Todays challenge was to download the candy datasets from 2014-2017 and prep and analyze them in the server.
Firstly I imported the data into the server and decided how I would union the tables. This was an issue as the survey data was not consistent across years making it very hard to decide which fields to remove. As I did not want to get rid of too many fields i decided not to include 2014 data into my work and only look at the other years.
I then cleaned the data and removed fields with nulls and unioned the tables together. I came across a big issue when running my workflow as there was an error when i published the dataset which took me a long time to sort out. The way i went about solving the error was by outputting the individual sheets and for each year which revealed that only 2017 data had an error. I then focused on this table and managed to solve the error.
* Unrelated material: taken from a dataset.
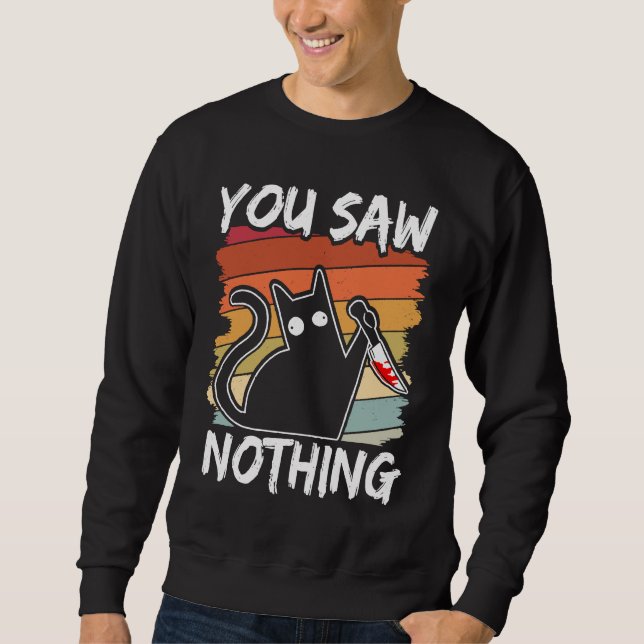 Sweatshirt You Saw Nothing Black Cat Sarcasm Murder Blood (Devant)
I had to output the individual sheets and then union them in a separate step.
![](https://www.thedataschool.co.uk/content/images/2023/01/image-507.png)
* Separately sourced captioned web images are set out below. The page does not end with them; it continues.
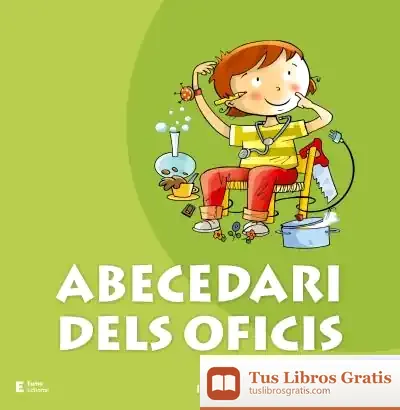 Descargar Abecedari Dels Oficis de Vanesa Amat Castells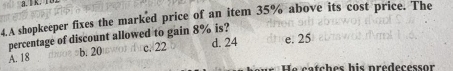 lK.
4.A shopkeeper fixes the marked price of an item 35% above its cost price. The
percentage of discount allowed to gain 8% is?
A. 18 b. 20 c. 22 d. 24 e. 25
He catches his predecessor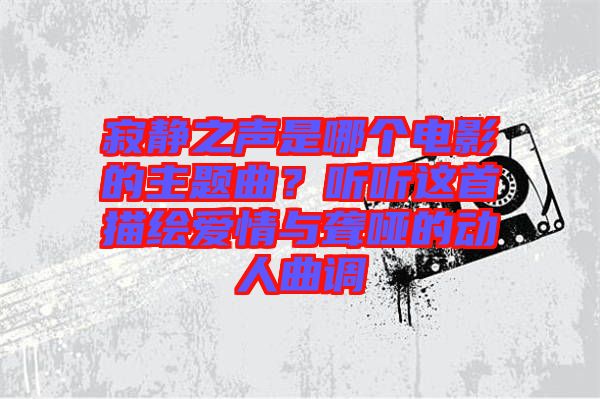 寂靜之聲是哪個電影的主題曲？聽聽這首描繪愛情與聾啞的動人曲調(diào)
![](https://www.thedataschool.co.uk/content/images/2023/01/image-508.png)
My original plan was to analyze all the unioned data together as well as a separate table with the full 2017 dataset. This would allow me to have a comparison between the years but also get further analysis which was carried out in the 2017 survey alone.
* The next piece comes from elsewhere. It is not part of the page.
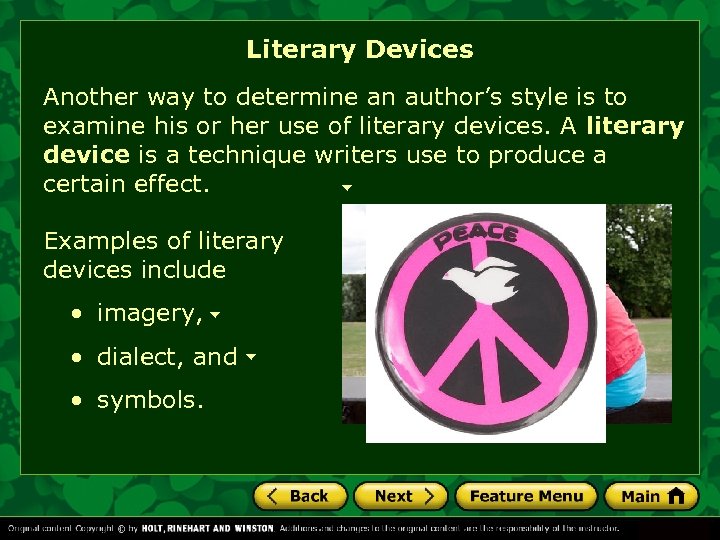 Literary Devices Another way to determine an author’s style is to examine his or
I wanted to be able to compare the results for each of the questions in a Gantt chart. However, this took me a lot longer than I expected due to aggregation issues within my data.
![](https://www.thedataschool.co.uk/content/images/2023/01/image-516.png)
After I Completed this i created 3 bar charts with the top and bottom 5 categories per year.
![](https://www.thedataschool.co.uk/content/images/2023/01/image-517.png)
Finally, I created a line chart for the 2017 data to see if there was a link between age and score.